Thoughts and opinions on the new Apple products are making their way out, and one of the most interesting things so far has been the reviews of the new MacBook Pro Retina display.
It’s important to consider a few things about the next-generation 15” MacBook Pro:
- This computer is effectively replacing the now-dead 17” MacBook Pro, a computer that was almost 100% feature matched to the 15” but with a bigger screen and maybe an extra port or so.
- The 15” MacBook Pro has a high resolution option for 1680x1050, but the 2880x1800 offered by the new MacBook Pro is a pixel-doubled 1440x900. This is, in effect, a loss of screen real estate for users that traditionally bought the high-res display option. Like myself.

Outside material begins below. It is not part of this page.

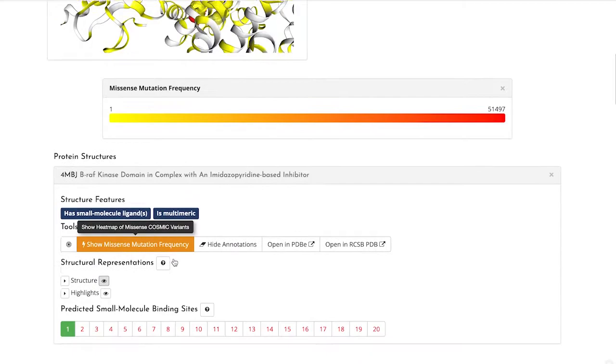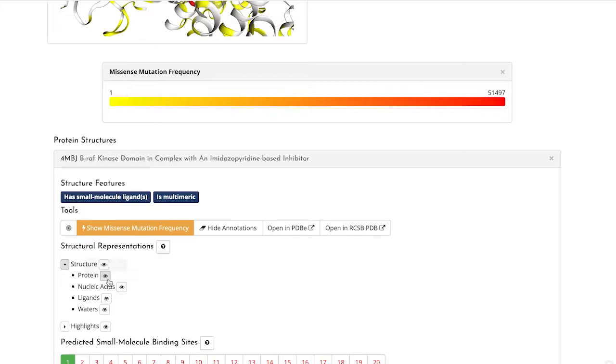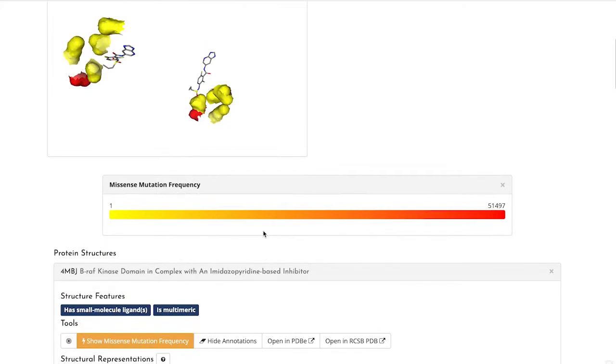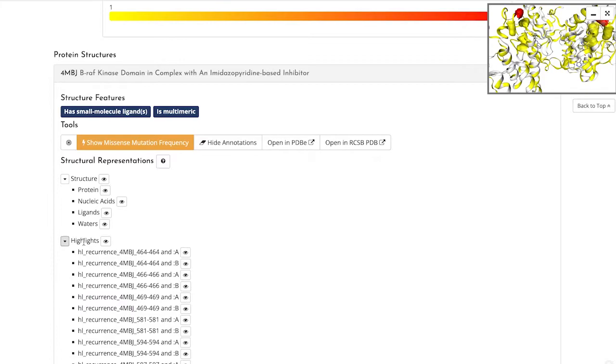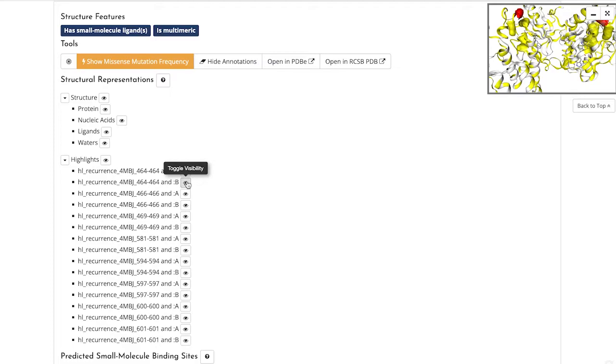If you're looking to specifically see how these highlight mutations may be interacting with ligands, you can switch on or off different aspects of the view using these switches. You can also turn off the highlights and just see the structure by turning off their visibility using the little eye icons next to each one.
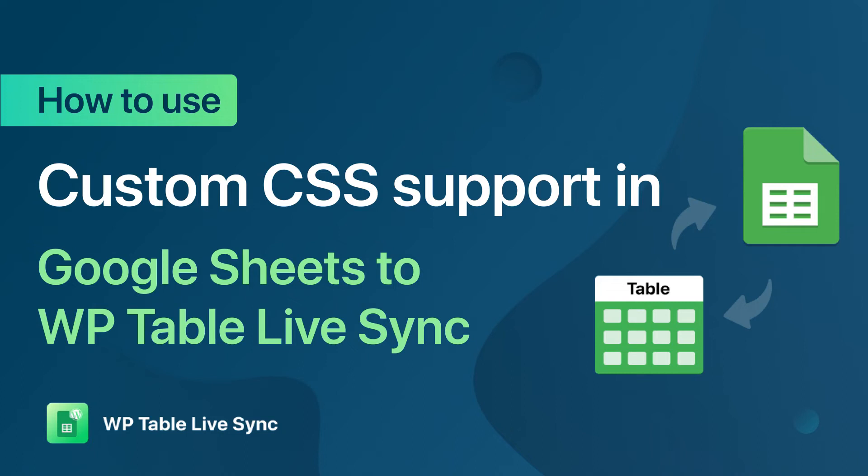Hello, this video shows how to use Custom CSS support in Google Spreadsheet to WP Table Live Sync.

That being said, I suppose nobody should have come out as surprised to discover that Apple thought about these things when designing HiDPI mode in their OS along with HiDPI displays. Late last night, Jim Dalrymple posted his initial thoughts on the Retina display and showed off the Display preference pane:
This is Apple’s user-friendly way of presenting the user with 5 resolution options: 1024x640, 1280x800, 1680x1050, 1920x1200, and 2880x1800+HiDPI. Now, it’s nothing revolutionary to offer to offer scaled, non-native resolutions on a computer. But traditionally, non-native resolutions have always looked terrible on LCD screens. But that doesn’t seem to be the case on the MacBook Pro’s Retina display.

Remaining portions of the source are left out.